In the Dust of This Fashion Shoot

(True Detective I forced my students to make an argument about how it could be considered apocalyptic. I was inspired to teach it in this context by its appearance on On the Media and by this really interesting article on it from The Atlantic, which one of my friends shared on facebook. I think it's valuable to look at fringe cases when discussing genre: though True Detective isn't conventionally an apocalyptic text, it has some of the same interests: what happens at those moments where human understanding of the world ceases?*)

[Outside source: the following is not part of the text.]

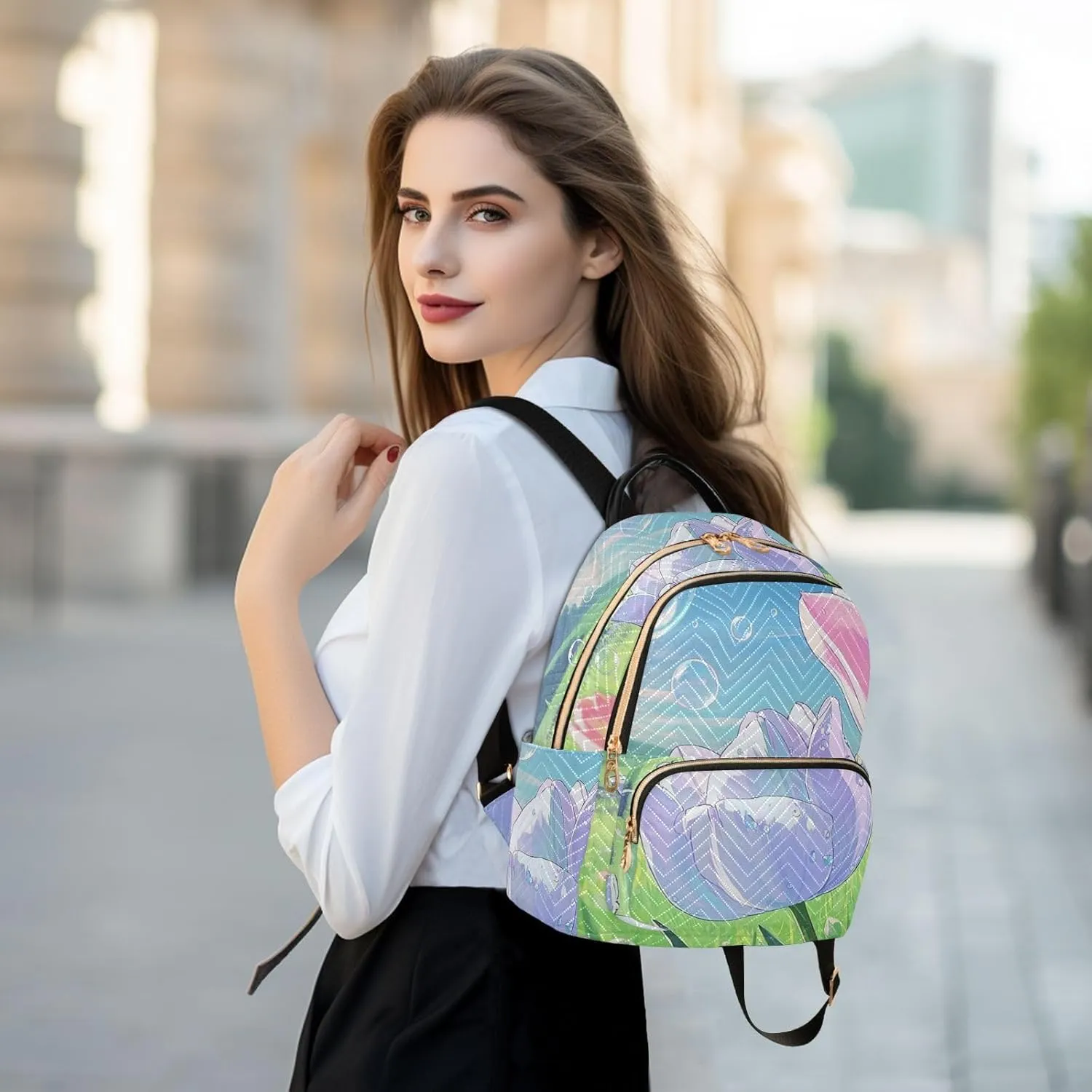Mini Backpack Quilted Purse for Womens Small Backpack Daypack Tulips Design for Travel Daily Work,Multi12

In the Dust of This Jay-Z Video

I was a bit worried going into the class because I only had eleven students and it met for three hours and fifteen minutes at a time. That is a long time if you have reticent or uninterested students! Thankfully, none of my students could be described as such. I only had three English majors, but hey were all interested and invested, and if they weren't doing the reading, they were doing it well enough to fool me. I think it's always a sign of a good course when my class plans became four bullet points long because I can trust the students to go somewhere interesting, and that happened here pretty quickly. They responded both to me and to each other (I make them take turn posing discussion questions) very well, and I think it ended up one of the best courses I've ever taught. Hopefully they agree when I gain access to their evals!

Actually, it turned out I liked Woody Harrelson's character best, mostly for the way he cussed Matthew McConaughey out whenever he got too philosophical. I should finish the show.
* I almost always end up assigning something in a lit course I haven't actually read before assigning it. This semester it was True Detective, The Twilight Zone, and When Worlds Collide. It's a bit of a risky gamble, though it hasn't actually gone against me yet. Thankfully I was able to make something interesting of all three texts, though I wouldn't teach When Worlds Collide again-- I'd probably sub in Planet of the Apes (1968), which I think is a lot more interesting, but didn't occur to me when I first planned out the course.